16 tweet-sized fundamental mistakes with regulatory credit-risk weighted capital requirements for banks… and counting

The regulators are regulating the banks without having defined the purpose of the banks. 

Regulators ignored that banks need and should allocate credit efficiently to the real economy.

Regulators ignore that for the society, what is not on the balance sheet of banks, could be as important as what is.

To allow bank equity to be leveraged with net margins of assets differently, distorts the allocation of bank credit.

The scarcer the bank capital is, the greater the distortions produced by the risk weighted capital requirements.

Bank capital is to cover for unexpected losses, yet regulators base the requirements on expected credit risks.

The safer something is perceived the greater is its potential for unexpected losses.

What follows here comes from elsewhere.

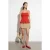 Fitted Vierkante Hals Franje Cami Top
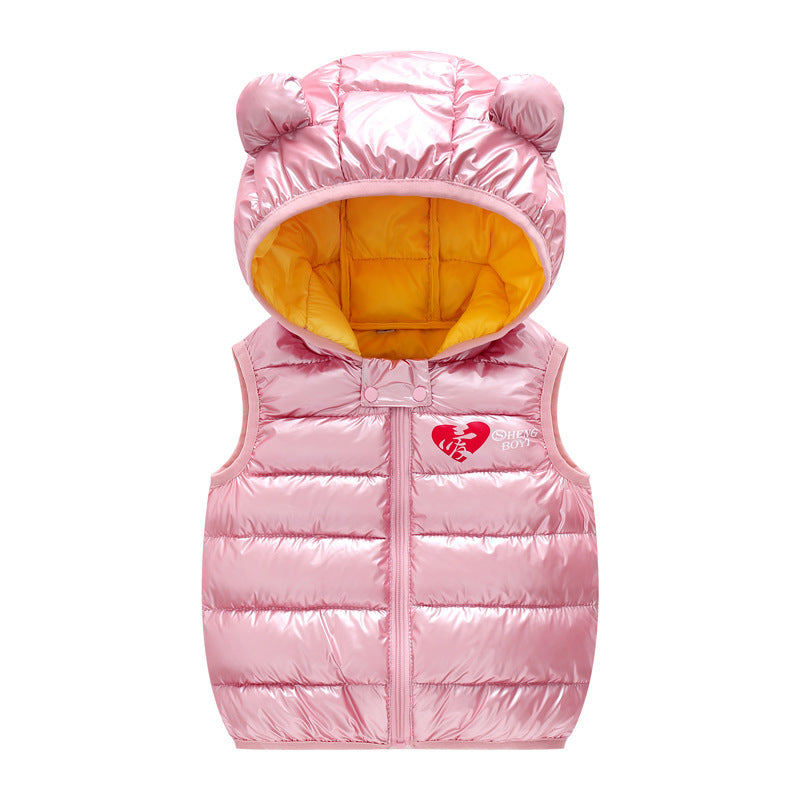 Children’s Warm Down Vest – Hooded Autumn Sleeveless Jacket for Boys and Girls | Winter Outerwear for Kids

The risk of a bank has little to do with perceived risk of assets, and much to do with how the bank manages risks.

Banks clear for credit risk with interest rates and exposures, so to also do in the capital double-counts that risk.

Any perfectly perceived risk causes the wrong actions if the risk is excessively considered.

The standard risk weights that determine the capital requirements for banks are, amazingly, portfolio invariant.

The undue importance given to few information sources, credit rating agencies, introduced a serious systemic risk.

That imposing similar and specific regulations on any system stiffens it and increases its fragility was ignored.

Any regulatory constraint that can be gamed will be gamed and benefit the worst gamers in detriment of lesser gamers.

A risk weight of zero percent for the sovereign, and of 100 percent for the private sector, is pure unabridged statism.

Impeding “the risky” to have fair access to bank credit blocks opportunities and thereby increases inequality

Consequences: Too much bank credit against too little capital to whatever is perceived or can be construed as being safe, and too little credit to what is perceived as risky. In other words banks that do not finance the “risky” future, but only refinance the “safer” past.

Questions: Of these mistakes how many have been sufficiently debated and corrected? How many of the responsible for these mistakes have been held accountable?